TASK INPUTS:

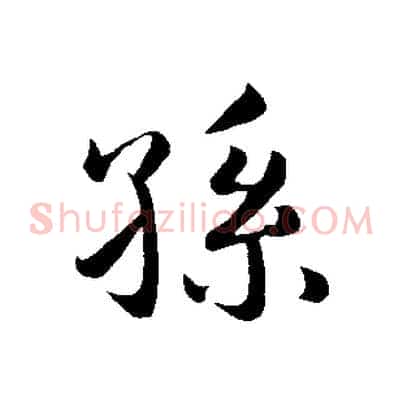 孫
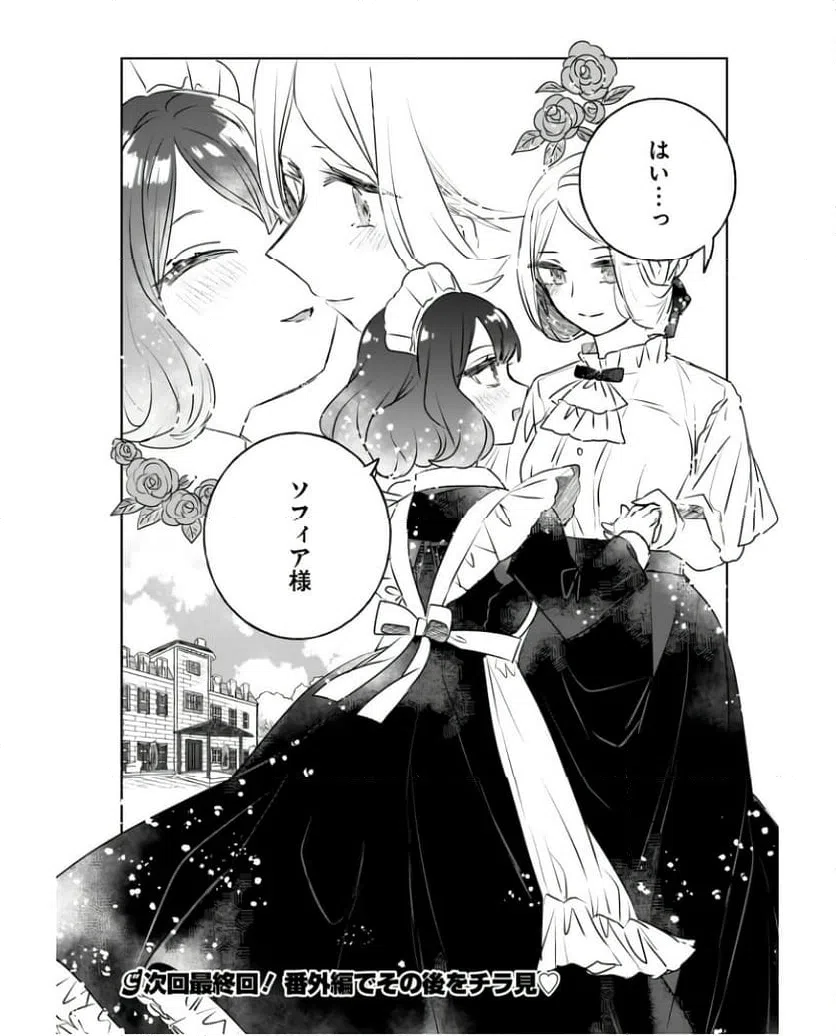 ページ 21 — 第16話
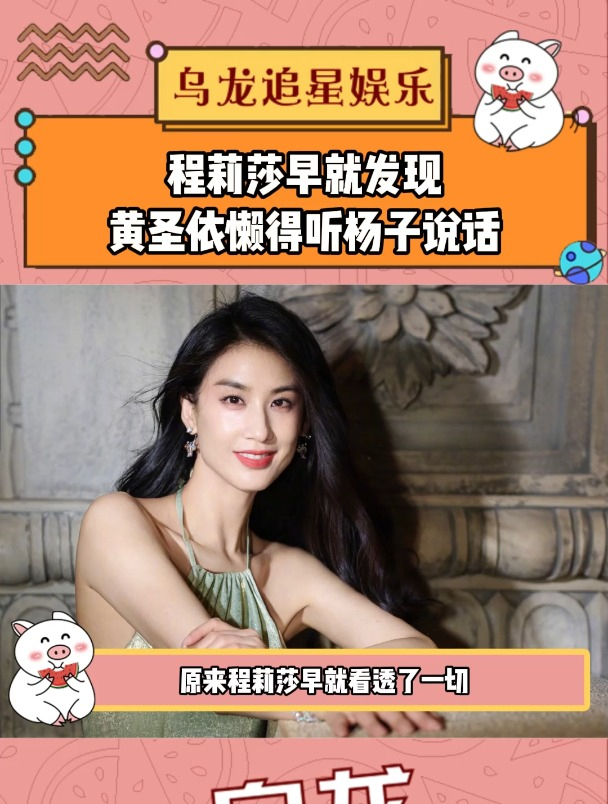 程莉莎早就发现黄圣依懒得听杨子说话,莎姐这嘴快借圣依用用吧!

--

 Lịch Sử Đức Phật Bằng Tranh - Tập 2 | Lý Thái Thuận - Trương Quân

* * *

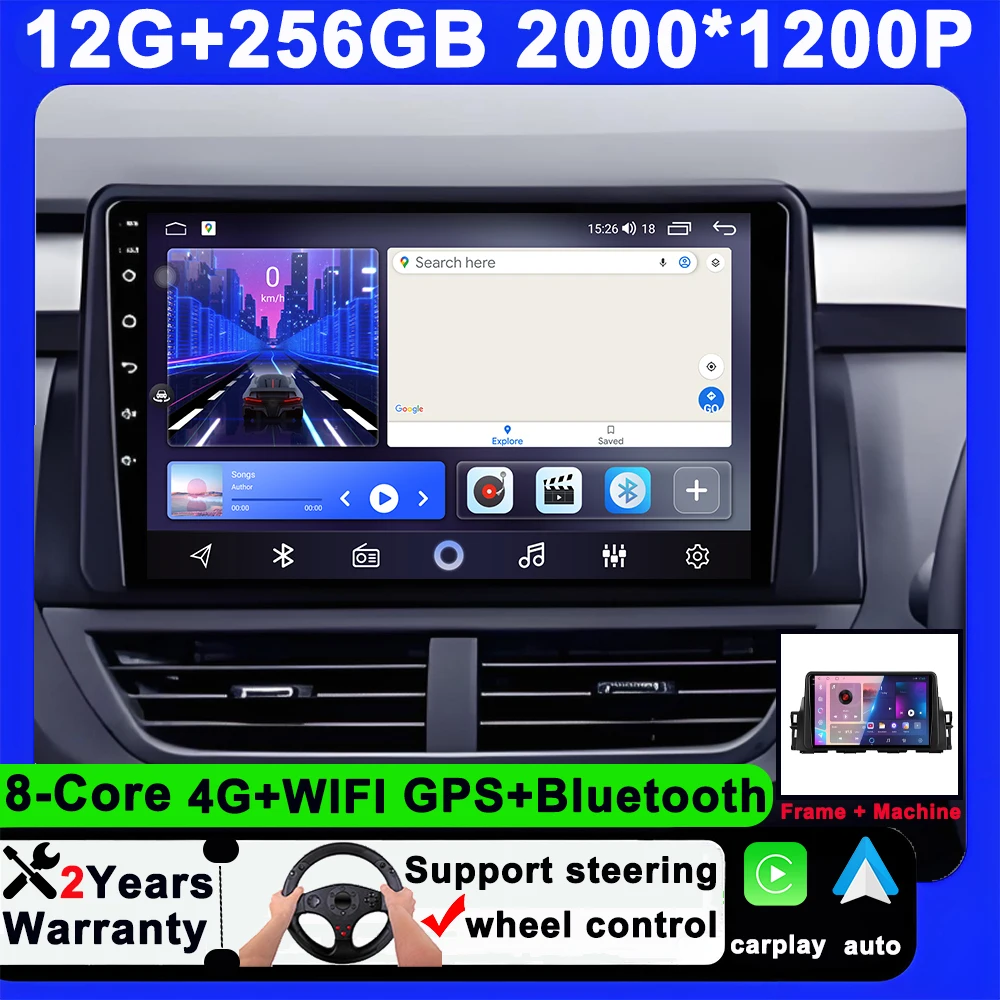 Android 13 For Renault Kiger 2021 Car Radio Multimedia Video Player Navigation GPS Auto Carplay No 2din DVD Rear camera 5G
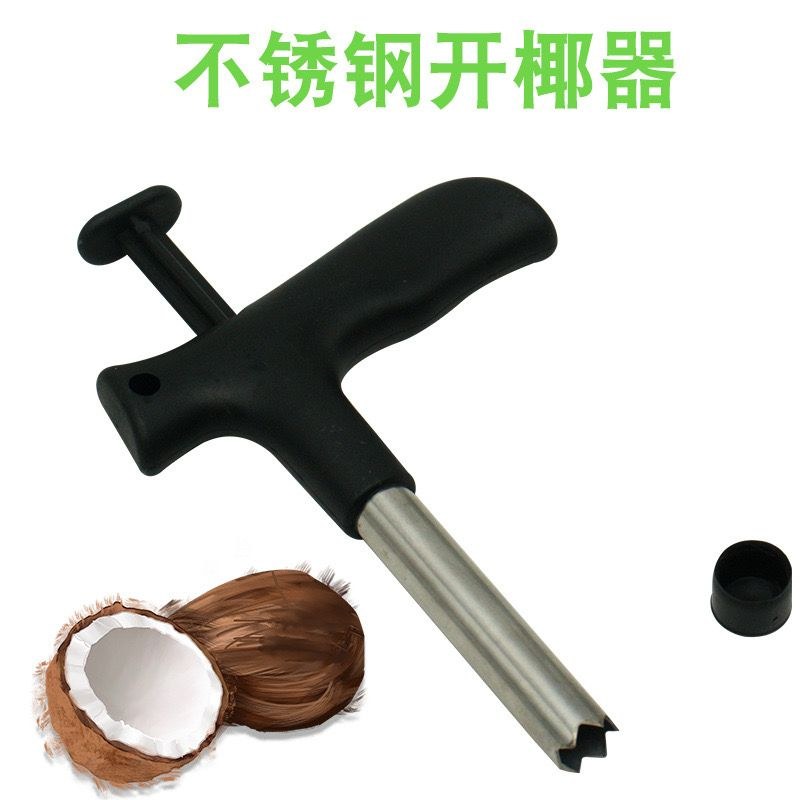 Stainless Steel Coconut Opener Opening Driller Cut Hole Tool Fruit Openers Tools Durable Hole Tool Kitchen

EXERCISE AIM: Look back over the records above. Reproduce exactly everything from the line with "Android 13 For" down to the line with "Stainless Steel Coconut", inclusive, and leave the pictures out.

TASK RESPONSE:
 Android 13 For Renault Kiger 2021 Car Radio Multimedia Video Player Navigation GPS Auto Carplay No 2din DVD Rear camera 5G
 Stainless Steel Coconut Opener Opening Driller Cut Hole Tool Fruit Openers Tools Durable Hole Tool Kitchen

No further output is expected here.